* _WHAT TO DO_:
Taking the line with "When you're done, click" as the first and the line with "Right - Uldu, Wrong" as the last, set down the lines below exactly, pictures excluded.

* _INPUT DATA_:
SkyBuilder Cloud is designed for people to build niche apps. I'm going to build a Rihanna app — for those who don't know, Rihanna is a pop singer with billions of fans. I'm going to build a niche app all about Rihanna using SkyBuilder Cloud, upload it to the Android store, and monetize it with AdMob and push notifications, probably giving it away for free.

* * *

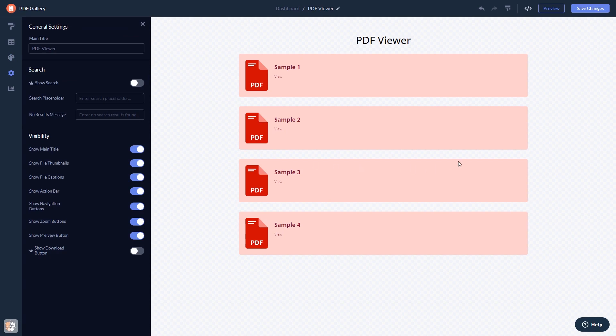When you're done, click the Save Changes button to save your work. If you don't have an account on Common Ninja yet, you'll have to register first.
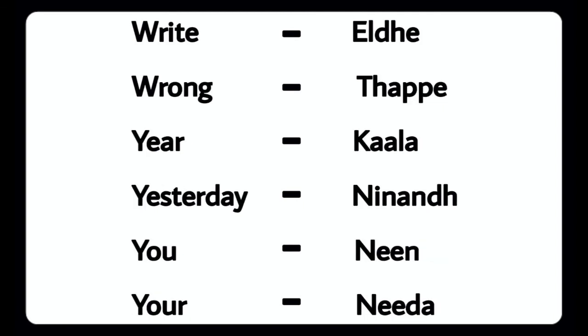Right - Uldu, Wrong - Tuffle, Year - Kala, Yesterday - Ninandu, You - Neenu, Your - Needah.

* _TASK SOLUTION_:
When you're done, click the Save Changes button to save your work. If you don't have an account on Common Ninja yet, you'll have to register first.
Right - Uldu, Wrong - Tuffle, Year - Kala, Yesterday - Ninandu, You - Neenu, Your - Needah.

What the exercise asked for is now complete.